Однажды утром этот человек обнаружил, что не может встать – или, точнее, что не хочет вставать. Жена позвала его, он не ответил, и она стала окликать его каждые десять секунд – слова "вставай, вставай!" лопались вокруг него; они взрывались, как бомбы, справа и слева: они сыпались сверху и вокруг, подскакивали с пола, свистели и качались, толкая друг друга. Потом слова пропали, и голос сказал ему только одно: "Ты опоздал!" Человек увидел эти слова облаком, висящим в пустоте под его веками, и смотрел на это облако, пока не заснул.

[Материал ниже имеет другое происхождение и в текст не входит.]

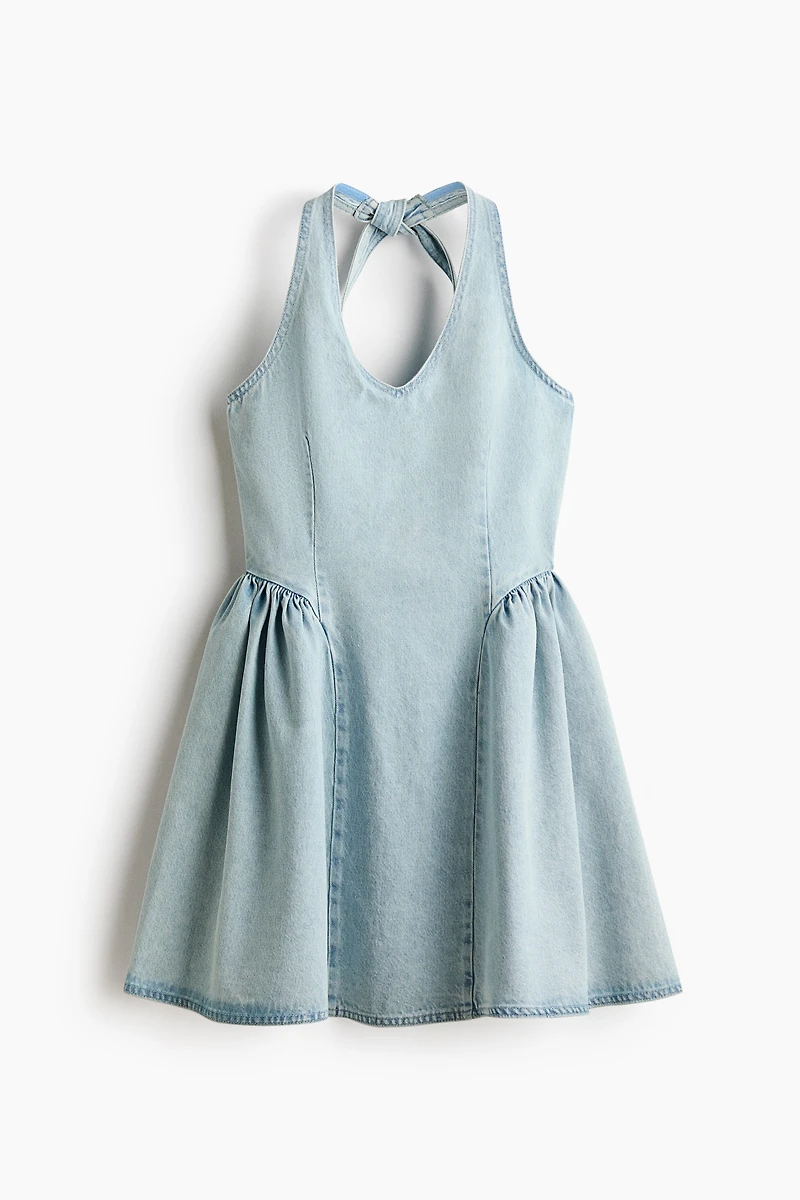 Denim Dress with Flared Skirt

Голос на некоторое время умолк, а потом заговорил снова.

– Три недели тот человек не вставал с постели – он пребывал в каком-то оцепенении, и большие тени медленно двигались в его сне, и огромные слова постоянно гремели и стихали. Когда он снова начал отдавать себе отчет в том, что происходит вокруг, в доме все переменилось. Большая часть мебели, оплаченной с таким трудом, исчезла. Везде чего-то не хватало – стульев, зеркала, стола; куда ни глянь, везде чего-нибудь не хватало; а внизу было еще хуже – там исчезло все. Жена его продала всю мебель, чтобы оплатить врачей, заплатить за лекарства, еду и жилье. И сама она тоже переменилась: доброта сошла с ее лица; она стала тощей, черты лица огрубели и заострились, глаза погрустнели; но ее согревала мысль, что скоро ее муж вернется на работу.

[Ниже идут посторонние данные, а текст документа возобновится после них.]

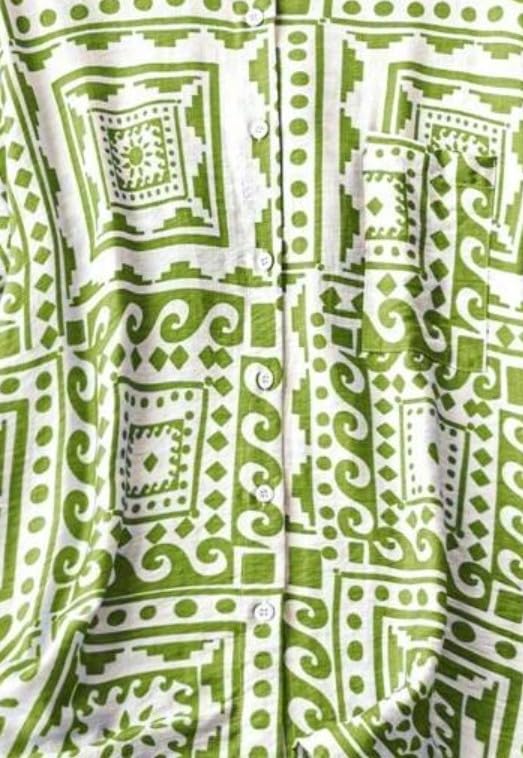 Image of Gufrina Women's Polyester Shirt with Pocket Half Raglan Sleeves Spread Collar Neck Geometric Printed Relaxed Fit and Standard Length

На душе у человека кошки скребли, когда он шел на службу. Он не знал, что скажет его наниматель по поводу прогула. Наниматель может поставить ему его болезнь в вину – неизвестно, заплатит ли он ему за те недели, когда его не было? Встав перед дверью, человек испугался. Вдруг сама мысль о взгляде начальника стала ему ужасна: немигающий, холодный, стеклянный взгляд; но человек открыл дверь и вошел. Начальник сидел там с каким-то другим человеком, и наш человек попытался сказать "Доброе утро, сэр" спокойным и естественным голосом; но он знал, что этот незнакомец принят вместо него, и это знание встало между его мыслью и языком. Он услышал свой заикающийся лепет, почувствовал, как внутри все оборвалось и рухнуло. Его начальник что-то быстро говорил, а тот, другой, смотрел на него встревоженно, искоса и виновато: казалось, его глаза просят прощения за то, что он занял его место – и наш человек выговорил "До свиданья, сэр" и вышел наружу.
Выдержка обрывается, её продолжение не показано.